Concret ph de Yannis Xenakis

 

 

CONCLUSION


Le pavillon a été inauguré en Avril 1958, et a immédiatement fermé pendant deux semaines pour apporter des améliorations au système de sonorisation. Il a finalement rouvert en mai, où il est resté fonctionnel jusqu'en Octobre. Selon les notes de la pochette du disque 33 tours de la musique de Varèse, le Pavillon a occasionné des réactions aussi diverses que variées de la part du public : "terreur, colère, crainte, stupéfaction, amusement et fol enthousiasme."

Bien qu'il y ait eu quelques tentatives pour préserver le bâtiment après la clôture de l'Exposition Universelle, le Pavillon n'avait jamais été conçu pour perdurer.

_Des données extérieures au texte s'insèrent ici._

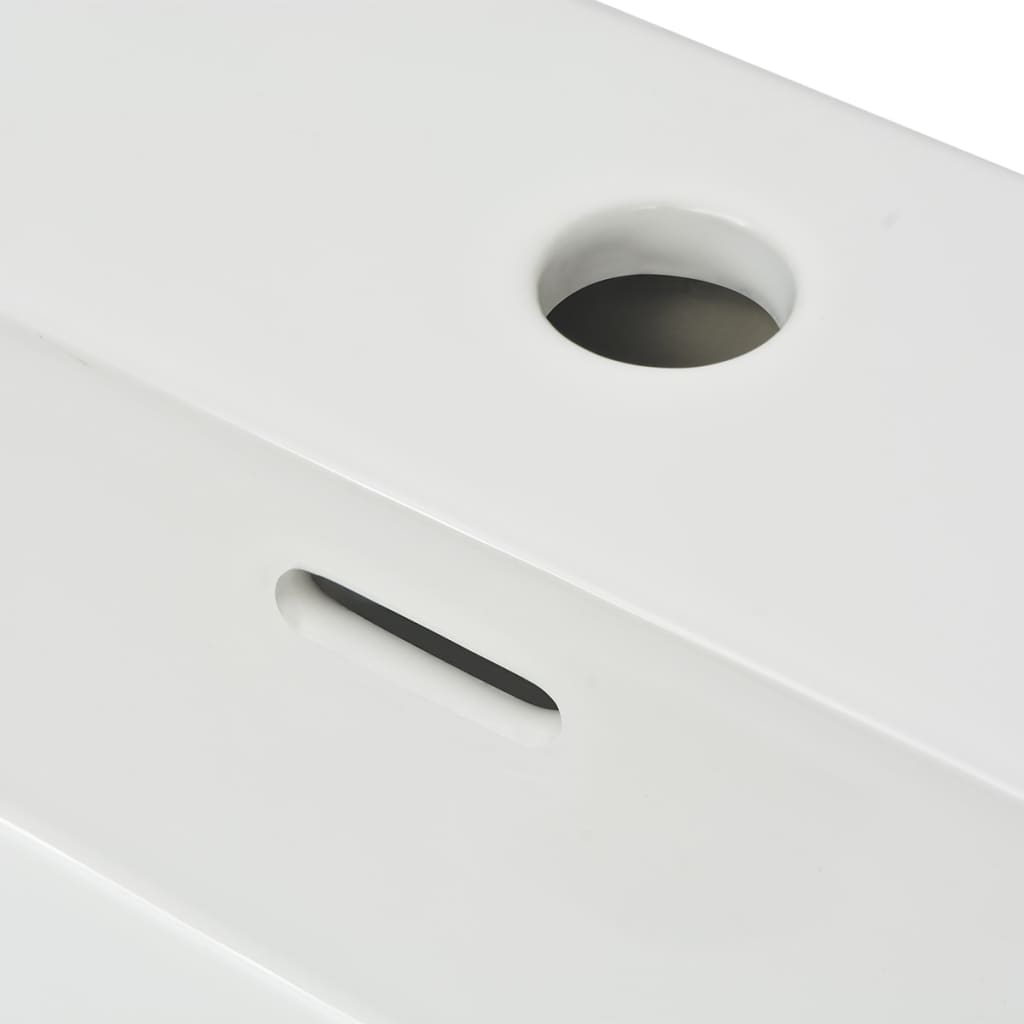 i ceramic sink with tap hole 76 x 42.5 x 14.5 cm white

Il n'y avait pas d’isolation suffisante, et le câblage n'était pas assez solide. Le bâtiment finit d’ailleurs ainsi par s'écraser, ne laissant que l'enregistrement de la musique à la postérité. L'enregistrement, cependant, n'est qu'une approximation de la vraie nature de l'événement, puisqu’il ne rend compte d’aucun effet spécial.

Les œuvres « Concret pH » de Iannis Xenakis et « Poème Électronique » d’Edgard Varèse sont considérées comme des jalons de la musique électronique.

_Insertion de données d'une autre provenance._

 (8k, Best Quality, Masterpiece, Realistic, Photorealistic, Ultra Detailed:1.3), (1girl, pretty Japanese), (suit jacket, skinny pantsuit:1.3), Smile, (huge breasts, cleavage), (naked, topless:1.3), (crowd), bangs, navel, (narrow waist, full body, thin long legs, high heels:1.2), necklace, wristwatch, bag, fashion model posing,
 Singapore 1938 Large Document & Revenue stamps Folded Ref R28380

Après le Pavillon Philips, Xenakis a quitté l'entreprise de Le Corbusier pour se consacrer entièrement à la musique. Il intègre le GRM, Groupe de Recherche Musicale au studio de la radiodiffusion française avec Pierre Schaeffer, son créateur.
Varèse, quant à lui savoure son succès, car il est enfin reconnu en France comme un grand compositeur contemporain. Il donnera des conférences et composera jusqu’à sa mort, en 1965.